- WHAT THE TASK REQUIRES
Quote exactly, and only, the lines of the material below from the line with "Blueberries in a" through the line with "Communication towers with".

[THE DATA Boundary: Start]

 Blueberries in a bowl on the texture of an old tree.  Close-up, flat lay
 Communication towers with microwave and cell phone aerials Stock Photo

[THE DATA Boundary: End]
[THE DATA Boundary: Start]

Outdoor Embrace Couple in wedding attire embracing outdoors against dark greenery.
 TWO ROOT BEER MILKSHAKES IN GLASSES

[THE DATA Boundary: End]

- EXERCISE RESULT
 Blueberries in a bowl on the texture of an old tree.  Close-up, flat lay
 Communication towers with microwave and cell phone aerials Stock Photo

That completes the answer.